To do: Using the entries that follow, write out the line containing "portrait of young", the line containing "Arctic Blue Interior", and every line between them, exactly and nothing else.

○ ○ ○ ○

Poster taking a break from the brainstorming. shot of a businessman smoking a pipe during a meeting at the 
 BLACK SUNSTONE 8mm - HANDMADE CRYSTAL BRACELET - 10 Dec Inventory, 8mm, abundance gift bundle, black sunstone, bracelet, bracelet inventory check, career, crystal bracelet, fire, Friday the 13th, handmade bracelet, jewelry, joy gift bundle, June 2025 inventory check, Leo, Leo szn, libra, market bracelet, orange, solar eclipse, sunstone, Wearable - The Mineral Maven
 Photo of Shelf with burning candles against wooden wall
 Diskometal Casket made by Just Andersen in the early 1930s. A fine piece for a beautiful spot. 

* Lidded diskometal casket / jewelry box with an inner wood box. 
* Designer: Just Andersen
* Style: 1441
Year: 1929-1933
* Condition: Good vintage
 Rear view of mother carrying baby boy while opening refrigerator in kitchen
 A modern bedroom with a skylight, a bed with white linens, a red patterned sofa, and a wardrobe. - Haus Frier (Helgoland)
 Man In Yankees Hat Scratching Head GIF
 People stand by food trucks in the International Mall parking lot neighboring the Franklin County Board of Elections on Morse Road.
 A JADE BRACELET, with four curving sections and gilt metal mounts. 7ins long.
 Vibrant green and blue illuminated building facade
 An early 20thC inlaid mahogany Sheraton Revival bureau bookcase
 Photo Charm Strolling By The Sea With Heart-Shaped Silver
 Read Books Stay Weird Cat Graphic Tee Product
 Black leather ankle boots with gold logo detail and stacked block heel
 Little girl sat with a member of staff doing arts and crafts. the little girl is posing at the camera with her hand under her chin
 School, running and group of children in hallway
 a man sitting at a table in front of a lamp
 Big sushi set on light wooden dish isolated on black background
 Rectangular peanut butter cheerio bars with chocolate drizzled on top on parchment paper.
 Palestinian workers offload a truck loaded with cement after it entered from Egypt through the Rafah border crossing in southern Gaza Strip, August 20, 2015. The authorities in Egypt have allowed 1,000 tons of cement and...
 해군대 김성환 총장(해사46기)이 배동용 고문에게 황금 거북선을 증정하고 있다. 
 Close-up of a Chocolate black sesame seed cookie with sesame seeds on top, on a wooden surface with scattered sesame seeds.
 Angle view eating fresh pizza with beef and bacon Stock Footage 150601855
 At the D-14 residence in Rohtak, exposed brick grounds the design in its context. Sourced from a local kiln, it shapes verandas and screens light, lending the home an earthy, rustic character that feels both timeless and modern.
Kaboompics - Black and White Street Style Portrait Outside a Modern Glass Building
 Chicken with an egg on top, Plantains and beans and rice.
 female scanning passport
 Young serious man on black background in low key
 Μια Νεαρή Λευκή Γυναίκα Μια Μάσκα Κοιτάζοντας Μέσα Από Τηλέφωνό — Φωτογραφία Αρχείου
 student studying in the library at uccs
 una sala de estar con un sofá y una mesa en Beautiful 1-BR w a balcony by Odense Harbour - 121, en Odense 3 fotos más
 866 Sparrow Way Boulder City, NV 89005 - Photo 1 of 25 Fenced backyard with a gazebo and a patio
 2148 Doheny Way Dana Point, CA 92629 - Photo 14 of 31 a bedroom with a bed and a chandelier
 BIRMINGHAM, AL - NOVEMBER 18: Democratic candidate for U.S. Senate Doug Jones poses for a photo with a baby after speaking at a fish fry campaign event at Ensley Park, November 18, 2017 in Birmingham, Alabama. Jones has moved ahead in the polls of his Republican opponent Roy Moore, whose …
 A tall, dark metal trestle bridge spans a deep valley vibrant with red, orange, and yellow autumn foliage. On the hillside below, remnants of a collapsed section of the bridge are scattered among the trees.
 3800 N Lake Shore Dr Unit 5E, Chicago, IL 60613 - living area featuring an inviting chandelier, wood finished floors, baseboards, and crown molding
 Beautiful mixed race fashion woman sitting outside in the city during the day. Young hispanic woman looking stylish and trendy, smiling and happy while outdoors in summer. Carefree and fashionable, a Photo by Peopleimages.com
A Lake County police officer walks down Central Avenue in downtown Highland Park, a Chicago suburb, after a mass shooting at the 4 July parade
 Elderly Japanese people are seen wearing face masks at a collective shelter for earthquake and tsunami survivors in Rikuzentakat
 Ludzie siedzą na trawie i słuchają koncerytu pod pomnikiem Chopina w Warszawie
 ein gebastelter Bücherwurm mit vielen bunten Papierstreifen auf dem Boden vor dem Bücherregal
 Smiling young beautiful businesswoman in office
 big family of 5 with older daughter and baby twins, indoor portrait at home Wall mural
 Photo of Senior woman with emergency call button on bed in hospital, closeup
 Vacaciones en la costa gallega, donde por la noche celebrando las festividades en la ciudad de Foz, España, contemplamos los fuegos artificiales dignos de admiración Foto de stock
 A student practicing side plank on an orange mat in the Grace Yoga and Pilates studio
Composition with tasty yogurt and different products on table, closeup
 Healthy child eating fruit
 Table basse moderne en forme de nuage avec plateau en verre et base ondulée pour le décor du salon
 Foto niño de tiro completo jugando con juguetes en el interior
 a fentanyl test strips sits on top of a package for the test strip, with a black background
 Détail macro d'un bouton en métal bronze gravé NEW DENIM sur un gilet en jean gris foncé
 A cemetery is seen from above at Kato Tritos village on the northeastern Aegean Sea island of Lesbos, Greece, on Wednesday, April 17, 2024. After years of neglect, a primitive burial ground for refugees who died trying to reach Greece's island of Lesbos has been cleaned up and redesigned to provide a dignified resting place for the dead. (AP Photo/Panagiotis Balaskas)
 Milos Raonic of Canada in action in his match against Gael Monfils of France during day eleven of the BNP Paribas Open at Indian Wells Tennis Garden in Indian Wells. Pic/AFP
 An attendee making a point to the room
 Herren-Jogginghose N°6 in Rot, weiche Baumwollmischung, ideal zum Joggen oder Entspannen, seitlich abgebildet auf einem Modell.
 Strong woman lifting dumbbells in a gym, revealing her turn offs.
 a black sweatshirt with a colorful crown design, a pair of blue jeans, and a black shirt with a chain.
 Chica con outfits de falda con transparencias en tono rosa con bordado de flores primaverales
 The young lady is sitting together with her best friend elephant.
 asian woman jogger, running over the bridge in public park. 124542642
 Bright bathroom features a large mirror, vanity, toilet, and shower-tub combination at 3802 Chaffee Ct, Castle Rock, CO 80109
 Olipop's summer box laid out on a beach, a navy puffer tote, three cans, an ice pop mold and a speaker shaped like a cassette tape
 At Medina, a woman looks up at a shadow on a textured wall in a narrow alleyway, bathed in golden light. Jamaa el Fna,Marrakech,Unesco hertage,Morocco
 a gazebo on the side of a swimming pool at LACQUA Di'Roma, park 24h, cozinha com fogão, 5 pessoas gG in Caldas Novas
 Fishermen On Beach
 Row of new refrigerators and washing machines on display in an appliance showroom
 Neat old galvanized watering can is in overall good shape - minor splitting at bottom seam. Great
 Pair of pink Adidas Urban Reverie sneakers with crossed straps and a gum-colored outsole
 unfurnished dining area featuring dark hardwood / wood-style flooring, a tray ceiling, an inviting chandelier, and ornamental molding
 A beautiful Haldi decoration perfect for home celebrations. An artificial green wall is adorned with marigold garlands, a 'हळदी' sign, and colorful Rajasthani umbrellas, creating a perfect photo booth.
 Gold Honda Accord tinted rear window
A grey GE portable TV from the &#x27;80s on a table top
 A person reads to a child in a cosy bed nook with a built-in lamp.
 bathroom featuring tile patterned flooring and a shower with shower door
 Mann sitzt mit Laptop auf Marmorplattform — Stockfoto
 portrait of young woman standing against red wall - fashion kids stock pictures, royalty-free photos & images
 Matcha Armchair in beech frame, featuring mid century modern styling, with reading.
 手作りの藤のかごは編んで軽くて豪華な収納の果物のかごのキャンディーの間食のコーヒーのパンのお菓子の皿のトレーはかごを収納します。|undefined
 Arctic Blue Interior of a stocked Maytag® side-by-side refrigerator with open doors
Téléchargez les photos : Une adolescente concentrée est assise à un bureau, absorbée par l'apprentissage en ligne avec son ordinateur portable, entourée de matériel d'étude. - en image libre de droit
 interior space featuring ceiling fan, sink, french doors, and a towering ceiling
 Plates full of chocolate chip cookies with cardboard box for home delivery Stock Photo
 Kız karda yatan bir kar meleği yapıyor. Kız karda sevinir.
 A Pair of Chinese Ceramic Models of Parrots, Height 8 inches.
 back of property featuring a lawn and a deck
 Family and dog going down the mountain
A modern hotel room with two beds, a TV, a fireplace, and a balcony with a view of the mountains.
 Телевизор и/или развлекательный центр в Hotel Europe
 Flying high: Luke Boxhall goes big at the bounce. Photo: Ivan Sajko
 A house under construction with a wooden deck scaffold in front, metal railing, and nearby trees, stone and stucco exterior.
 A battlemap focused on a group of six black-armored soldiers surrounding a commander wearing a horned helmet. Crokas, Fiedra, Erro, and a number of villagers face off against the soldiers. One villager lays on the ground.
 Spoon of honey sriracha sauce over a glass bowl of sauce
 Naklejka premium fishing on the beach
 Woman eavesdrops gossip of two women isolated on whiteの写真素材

○ ○ ○ ○

Result:
 portrait of young woman standing against red wall - fashion kids stock pictures, royalty-free photos & images
 Matcha Armchair in beech frame, featuring mid century modern styling, with reading.
 手作りの藤のかごは編んで軽くて豪華な収納の果物のかごのキャンディーの間食のコーヒーのパンのお菓子の皿のトレーはかごを収納します。|undefined
 Arctic Blue Interior of a stocked Maytag® side-by-side refrigerator with open doors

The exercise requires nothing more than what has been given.